Segment Open

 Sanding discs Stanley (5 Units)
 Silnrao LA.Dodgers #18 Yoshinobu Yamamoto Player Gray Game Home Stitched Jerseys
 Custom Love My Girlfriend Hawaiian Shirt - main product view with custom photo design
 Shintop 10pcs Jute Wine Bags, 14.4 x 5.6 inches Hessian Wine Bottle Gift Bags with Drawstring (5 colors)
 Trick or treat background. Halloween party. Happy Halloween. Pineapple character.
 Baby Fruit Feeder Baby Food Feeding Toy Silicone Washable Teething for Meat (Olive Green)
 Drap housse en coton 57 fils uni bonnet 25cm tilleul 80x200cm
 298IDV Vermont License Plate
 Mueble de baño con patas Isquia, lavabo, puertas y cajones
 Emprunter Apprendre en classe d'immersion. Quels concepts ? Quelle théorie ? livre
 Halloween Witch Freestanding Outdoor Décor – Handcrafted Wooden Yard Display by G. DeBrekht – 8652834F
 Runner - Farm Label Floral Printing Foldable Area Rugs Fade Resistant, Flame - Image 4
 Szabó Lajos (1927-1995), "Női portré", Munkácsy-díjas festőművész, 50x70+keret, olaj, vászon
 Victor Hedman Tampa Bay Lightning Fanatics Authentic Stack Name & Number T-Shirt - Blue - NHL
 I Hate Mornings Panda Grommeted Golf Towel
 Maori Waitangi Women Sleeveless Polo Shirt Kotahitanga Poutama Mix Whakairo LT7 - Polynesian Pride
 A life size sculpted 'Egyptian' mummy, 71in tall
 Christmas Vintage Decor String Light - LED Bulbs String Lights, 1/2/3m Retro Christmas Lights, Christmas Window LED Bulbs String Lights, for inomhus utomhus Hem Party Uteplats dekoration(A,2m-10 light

Segment Closed

Beginning with the top line of the data above, output every line exactly until the one that contains "Emprunter Apprendre en", and include that one too.

THE ANSWER -
 Sanding discs Stanley (5 Units)
 Silnrao LA.Dodgers #18 Yoshinobu Yamamoto Player Gray Game Home Stitched Jerseys
 Custom Love My Girlfriend Hawaiian Shirt - main product view with custom photo design
 Shintop 10pcs Jute Wine Bags, 14.4 x 5.6 inches Hessian Wine Bottle Gift Bags with Drawstring (5 colors)
 Trick or treat background. Halloween party. Happy Halloween. Pineapple character.
 Baby Fruit Feeder Baby Food Feeding Toy Silicone Washable Teething for Meat (Olive Green)
 Drap housse en coton 57 fils uni bonnet 25cm tilleul 80x200cm
 298IDV Vermont License Plate
 Mueble de baño con patas Isquia, lavabo, puertas y cajones
 Emprunter Apprendre en classe d'immersion. Quels concepts ? Quelle théorie ? livre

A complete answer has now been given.